**Work to be completed:** Once you have read the data below, please repeat all of it exactly.

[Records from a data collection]
╭──

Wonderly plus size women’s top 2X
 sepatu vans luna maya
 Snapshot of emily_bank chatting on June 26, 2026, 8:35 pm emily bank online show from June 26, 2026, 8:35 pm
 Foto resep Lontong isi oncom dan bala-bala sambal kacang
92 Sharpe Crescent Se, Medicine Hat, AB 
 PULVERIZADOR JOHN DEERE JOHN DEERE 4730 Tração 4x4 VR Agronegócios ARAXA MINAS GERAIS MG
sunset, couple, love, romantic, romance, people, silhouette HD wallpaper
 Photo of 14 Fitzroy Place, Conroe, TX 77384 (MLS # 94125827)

╰──

**Result of the exercise:**
Wonderly plus size women’s top 2X
 sepatu vans luna maya
 Snapshot of emily_bank chatting on June 26, 2026, 8:35 pm emily bank online show from June 26, 2026, 8:35 pm
 Foto resep Lontong isi oncom dan bala-bala sambal kacang
92 Sharpe Crescent Se, Medicine Hat, AB 
 PULVERIZADOR JOHN DEERE JOHN DEERE 4730 Tração 4x4 VR Agronegócios ARAXA MINAS GERAIS MG
sunset, couple, love, romantic, romance, people, silhouette HD wallpaper
 Photo of 14 Fitzroy Place, Conroe, TX 77384 (MLS # 94125827)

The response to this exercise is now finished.